Horizontal groups and consortia: an important instrument to support innovation and competitiveness
13 December 2016
The grouping among cooperatives can be achieved in different ways: it may start with simple networks and evolve towards consortia (cooperatives of cooperatives), up to larger and more closely-knit groups. They share the characteristic of being horizontal structures that reflect the democratic governance system found in individual cooperatives. The experiences of the MONDRAGON Corporation, the largest business group in the Basque Autonomous Region and the tenth in Spain, and Libera terra (“Freed Land”) a consortia of social cooperatives created in southern Italy to give dignity to territories with a strong mafia presence, are shared in the article.

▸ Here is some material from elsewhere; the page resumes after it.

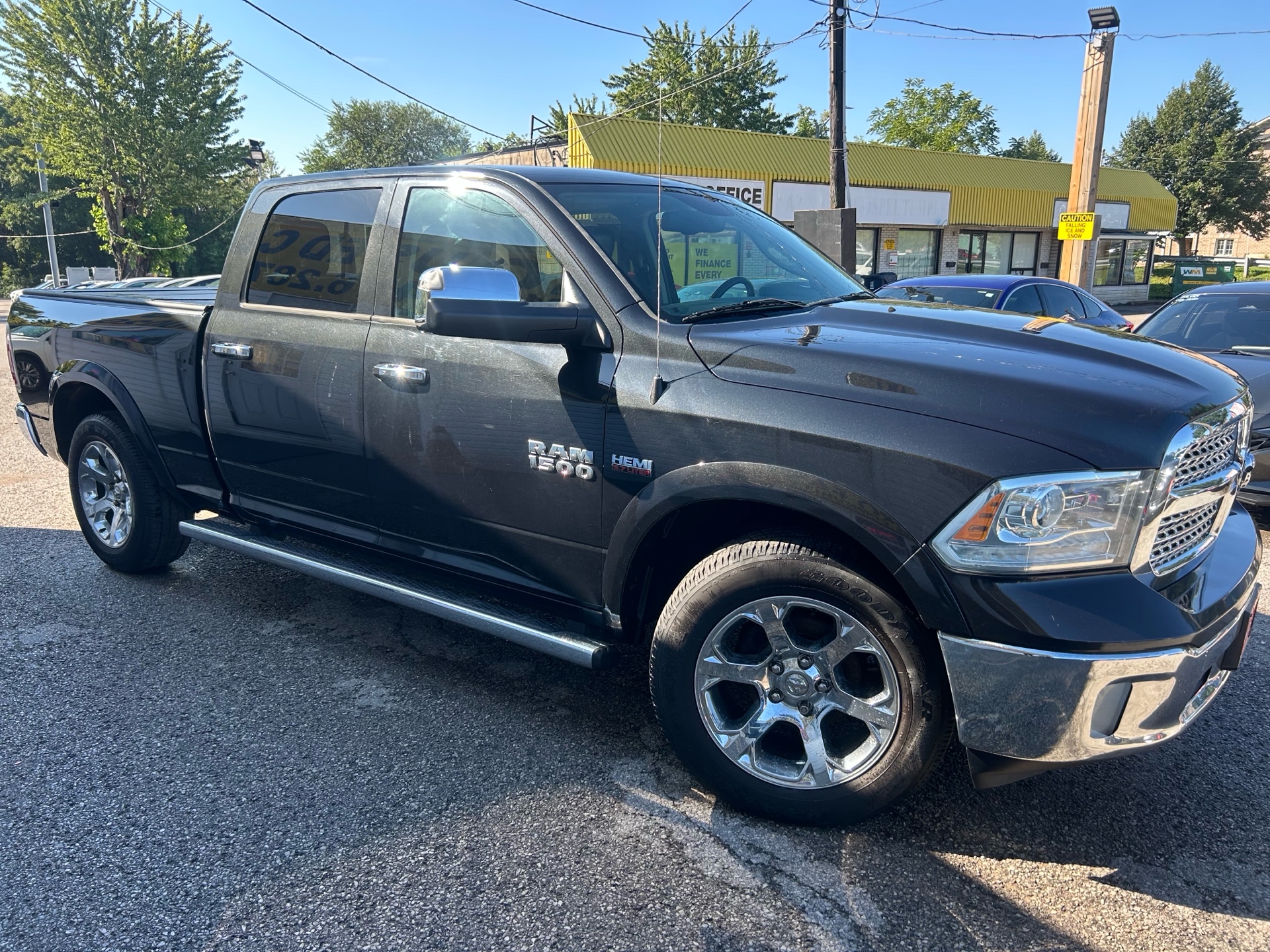 2016 Ram 1500 CREW CAB/LARAMIE/NAVI/CAMERA/LEATHER/ROOF/P.SEAT/BLUETOOTH/FOG LIGHTS/RUNNING BOARDS/LOADED/ALLOYS/CLEAN CARFAX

The MONDRAGON Corporation groups more than 110 cooperatives located mainly in the Basque Autonomous Region of Spain, and in their majority SMEs. Its origins go back to 1956, when the first industrial worker cooperative was established. It is a cross-sectoral group organized into four major areas: industry, distribution, finance and knowledge. The group has been conducive to SMEs’ development thanks to a sophisticated set of instruments such as the pooling of results, common management of unemployment, common financial and social funds, R&D, services, training and education, etc. Its innovation capacity is mainly channeled through its 15 technology centres, involved in numerous national and international projects or research and technological development.
Some specific measures to maintain employment during periods of crisis in the MONDRAGON Corporation are the redeployment of workers from one cooperative of the same group to another. This means that hundreds of workers from cooperatives active in one industrial sector undergoing the brunt of the crisis (eg the automobile industry) have been temporarily redeployed in cooperatives from other enterprise sectors which, at the same moment, were less affected, before being re-absorbed by their cooperative of origin once the economic situation of the latter has improved. This type of jobs restructuring is also a way to respond better to fast-changing sectors, market or economic transformations while guaranteeing employment security for workers and maintaining industrial knowledge in the enterprise and in the region in which it is embedded.
MONDRAGON is an excellent example of a horizontal and democratic enterprise group, legitimizing all decisions and involving over a hundred enterprises and tens of thousands of worker-members through democratic procedures. It provides both complete autonomy to each cooperative, and a say for each cooperative and each cooperative member in all the overall strategic decisions of the group as a whole.
Libera Terra (“Freed Land”) is a consortium established in 2001 grouping 9 social cooperatives integrating disadvantaged groups and working on mafia confiscated lands primarily in the agro-food industry. Its social cooperatives manage 1,400 hectares of confiscated lands and give work to 140 people. They produce ethical, organic products and sell them under the brand Libera Terra.
The consortium was created with the purpose of bringing together the farming activities of the different cooperatives in order to penetrate the market in a united and efficient manner. It is organized into different sectors, with, among others, product/market divisions. The consortium coordinates the production phases of its individual cooperatives and oversees the transformation from raw materials to finished product, looking for the best way to boost its products’ qualities and ensuring economic value.
Libera Terra guiding principle is always to stay true to its fundamental mission: the social re-use of confiscated property. The creation and safeguarding of farms with a promising future, which provide stable employment, is made possible by producing and selling goods.